New Federal Evidence Rule 502 Limits Inadvertent and Subject Matter Privilege Waivers

November 24, 2008
by MEREDITH DuBARRY HUSTON
MGKF News Flash

A new protection against waivers of privilege should be welcome news for clients involved in litigation matters. In the era of electronic discovery, where large volumes of data are exchanged in litigation, privilege reviews have become increasingly expensive. Federal Rule of Evidence 502, which went into effect on September 19, should help to curtail the costs associated with such reviews by protecting against the forfeiture of a privilege when a disclosure is the result of an innocent mistake. Further, by effectively eliminating subject matter waiver, Rule 502 resolves a divergence of authority among the federal courts concerning the scope of a waiver.

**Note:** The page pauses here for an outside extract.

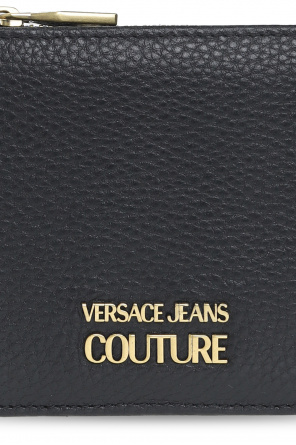 Versace jordan jeans Couture Bi-fold wallet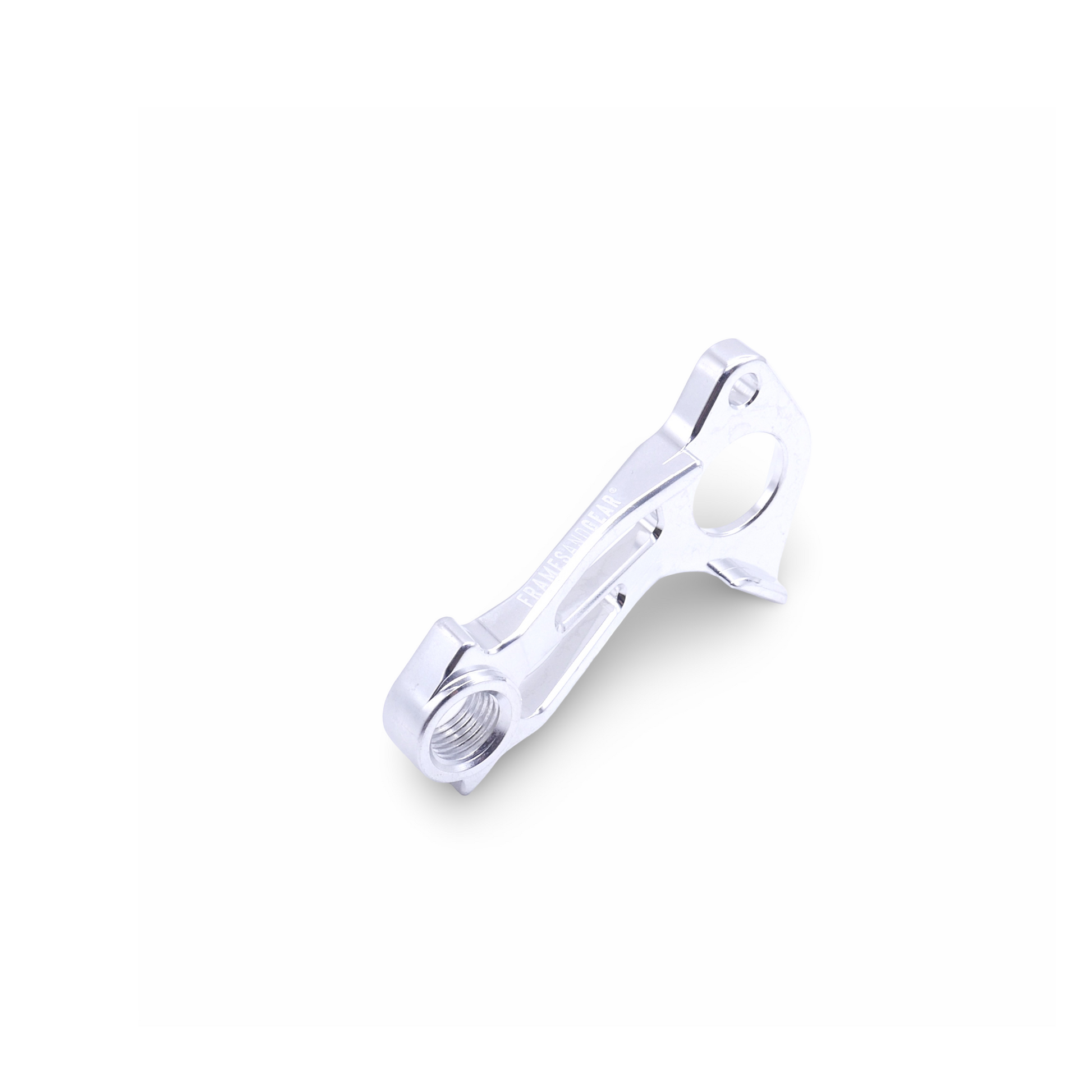 Framesandgear Canyon Aeroad (+2020) Disc Brake Direct Mount Derailleur with hanger EP-0920-01 Hand Polished Silver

Under Rule 502 inadvertent disclosures of privileged information in a federal court or federal administrative proceeding do not waive a privilege where the privilege holder acts promptly to retrieve the inadvertently disclosed documents and takes reasonable steps to prevent disclosure. What remains to be seen is how the courts will interpret whether a response to an inadvertent waiver has been sufficiently "prompt" or whether steps taken to prevent disclosure were "reasonable."

Pursuant to Rule 502, the voluntary disclosure of privileged information results in a waiver of the information actually disclosed, but does not automatically constitute a subject matter waiver. Prior to Rule 502, the production of a single protected document in some jurisdictions could result in a waiver of attorney-client privileged communications and work-product not only as to that document, but also as to all related material—and not only in the case in question, but also in all other matters. Under Rule 502, subject-matter waivers are reserved for "unusual situations in which fairness requires a further disclosure of related, protected information."

Federal courts can now enter orders under Rule 502(d) providing that disclosure of privileged or protected material under "quick peek" agreements (allowing each side to review the other’s universe of documents before determining the scope of production) or "clawback" agreements (providing for the return of mistaken disclosures) does not constitute a waiver. Rule 502(d) also allows courts to enter a non-waiver order that will bind nonparties. Rule 502 provides reassurance that agreements regarding disclosures in one case will not be second-guessed by a judge in a subsequent action.

State courts in subsequent state proceedings are required to honor Rule 502 determinations made at the federal level. If there is a disclosure in a state proceeding, then admissibility in any subsequent federal proceeding is determined by the law that is most protective against waiver. Rule 502 does not apply to disclosures made in a state proceeding that are later introduced in subsequent state proceedings.

The new rule applies to all cases filed after September 19 and, "in so far as is just and practicable," to all pending cases.